*Material provided*
+ + + + + + +
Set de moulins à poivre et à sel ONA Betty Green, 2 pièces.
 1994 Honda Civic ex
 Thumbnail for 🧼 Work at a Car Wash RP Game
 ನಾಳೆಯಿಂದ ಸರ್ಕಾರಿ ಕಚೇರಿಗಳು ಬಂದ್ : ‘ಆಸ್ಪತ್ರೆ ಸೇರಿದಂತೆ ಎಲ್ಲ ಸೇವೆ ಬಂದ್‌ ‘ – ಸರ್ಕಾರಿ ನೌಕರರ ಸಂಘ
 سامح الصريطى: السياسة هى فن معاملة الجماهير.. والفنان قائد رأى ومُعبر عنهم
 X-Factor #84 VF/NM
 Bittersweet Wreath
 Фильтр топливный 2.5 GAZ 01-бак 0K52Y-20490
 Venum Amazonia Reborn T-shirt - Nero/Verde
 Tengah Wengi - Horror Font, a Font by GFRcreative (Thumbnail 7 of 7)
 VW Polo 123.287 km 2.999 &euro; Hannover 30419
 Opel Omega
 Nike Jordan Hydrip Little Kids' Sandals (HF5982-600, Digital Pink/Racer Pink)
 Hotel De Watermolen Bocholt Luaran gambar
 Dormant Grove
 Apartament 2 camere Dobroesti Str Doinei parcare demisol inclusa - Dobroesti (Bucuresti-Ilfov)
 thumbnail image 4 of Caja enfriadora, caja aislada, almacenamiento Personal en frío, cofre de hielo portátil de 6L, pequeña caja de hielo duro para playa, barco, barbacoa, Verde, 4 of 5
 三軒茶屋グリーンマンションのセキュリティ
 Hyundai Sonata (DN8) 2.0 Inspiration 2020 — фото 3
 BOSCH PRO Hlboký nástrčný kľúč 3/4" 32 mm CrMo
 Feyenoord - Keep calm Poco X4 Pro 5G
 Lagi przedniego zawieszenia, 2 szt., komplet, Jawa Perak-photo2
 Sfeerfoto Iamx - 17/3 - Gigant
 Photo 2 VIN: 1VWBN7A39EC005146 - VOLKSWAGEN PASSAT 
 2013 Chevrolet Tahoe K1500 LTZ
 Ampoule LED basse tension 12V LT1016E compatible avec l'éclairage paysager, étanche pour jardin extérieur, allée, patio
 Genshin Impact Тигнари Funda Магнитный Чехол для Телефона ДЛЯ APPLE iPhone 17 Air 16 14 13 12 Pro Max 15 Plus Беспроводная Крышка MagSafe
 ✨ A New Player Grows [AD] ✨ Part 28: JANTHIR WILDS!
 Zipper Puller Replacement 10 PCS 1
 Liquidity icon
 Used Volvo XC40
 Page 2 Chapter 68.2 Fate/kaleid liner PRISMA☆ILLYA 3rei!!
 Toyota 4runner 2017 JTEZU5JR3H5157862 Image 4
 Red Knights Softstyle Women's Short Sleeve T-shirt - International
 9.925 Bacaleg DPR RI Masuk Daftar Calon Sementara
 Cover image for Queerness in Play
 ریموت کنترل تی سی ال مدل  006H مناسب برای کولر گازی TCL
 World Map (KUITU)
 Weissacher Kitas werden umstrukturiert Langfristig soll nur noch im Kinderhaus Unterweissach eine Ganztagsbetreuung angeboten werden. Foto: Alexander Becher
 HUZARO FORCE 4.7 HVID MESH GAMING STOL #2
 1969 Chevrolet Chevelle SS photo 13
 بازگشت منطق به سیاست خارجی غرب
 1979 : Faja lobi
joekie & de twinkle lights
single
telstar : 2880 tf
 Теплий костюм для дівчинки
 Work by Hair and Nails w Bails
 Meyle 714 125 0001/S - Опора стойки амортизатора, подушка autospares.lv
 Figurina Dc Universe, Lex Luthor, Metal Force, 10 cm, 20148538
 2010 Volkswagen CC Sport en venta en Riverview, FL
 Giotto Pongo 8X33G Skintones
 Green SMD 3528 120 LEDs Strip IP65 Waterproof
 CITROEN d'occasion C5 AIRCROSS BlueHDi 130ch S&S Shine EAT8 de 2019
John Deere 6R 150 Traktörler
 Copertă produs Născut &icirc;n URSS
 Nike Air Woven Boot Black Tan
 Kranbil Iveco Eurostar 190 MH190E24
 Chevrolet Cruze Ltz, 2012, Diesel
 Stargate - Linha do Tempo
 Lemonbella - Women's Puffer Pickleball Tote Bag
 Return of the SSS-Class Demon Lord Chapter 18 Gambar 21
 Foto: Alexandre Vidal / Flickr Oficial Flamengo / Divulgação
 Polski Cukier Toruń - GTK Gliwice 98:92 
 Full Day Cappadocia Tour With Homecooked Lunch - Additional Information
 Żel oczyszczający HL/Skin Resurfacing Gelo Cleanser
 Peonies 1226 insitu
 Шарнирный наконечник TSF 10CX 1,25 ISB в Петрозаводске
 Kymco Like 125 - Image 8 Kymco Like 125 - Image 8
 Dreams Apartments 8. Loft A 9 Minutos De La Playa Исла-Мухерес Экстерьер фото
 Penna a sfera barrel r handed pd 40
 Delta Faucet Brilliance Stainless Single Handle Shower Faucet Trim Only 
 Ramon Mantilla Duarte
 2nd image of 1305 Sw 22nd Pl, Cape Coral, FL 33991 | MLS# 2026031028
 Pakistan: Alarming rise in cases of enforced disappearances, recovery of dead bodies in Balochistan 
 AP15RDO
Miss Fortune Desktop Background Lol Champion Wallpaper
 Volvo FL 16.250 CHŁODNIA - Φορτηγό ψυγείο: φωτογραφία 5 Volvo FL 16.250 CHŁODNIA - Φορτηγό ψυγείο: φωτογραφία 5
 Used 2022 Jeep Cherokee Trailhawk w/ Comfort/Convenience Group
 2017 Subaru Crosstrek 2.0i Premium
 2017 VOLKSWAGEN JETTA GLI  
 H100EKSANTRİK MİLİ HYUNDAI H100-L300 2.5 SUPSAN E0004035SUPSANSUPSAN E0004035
+ + + + + + +
*What this task involves*
Would you repeat, exactly and with nothing added, every line from the line containing "Miss Fortune Desktop" through the last line of the records above?

*Finished task*
Miss Fortune Desktop Background Lol Champion Wallpaper
 Volvo FL 16.250 CHŁODNIA - Φορτηγό ψυγείο: φωτογραφία 5 Volvo FL 16.250 CHŁODNIA - Φορτηγό ψυγείο: φωτογραφία 5
 Used 2022 Jeep Cherokee Trailhawk w/ Comfort/Convenience Group
 2017 Subaru Crosstrek 2.0i Premium
 2017 VOLKSWAGEN JETTA GLI  
 H100EKSANTRİK MİLİ HYUNDAI H100-L300 2.5 SUPSAN E0004035SUPSANSUPSAN E0004035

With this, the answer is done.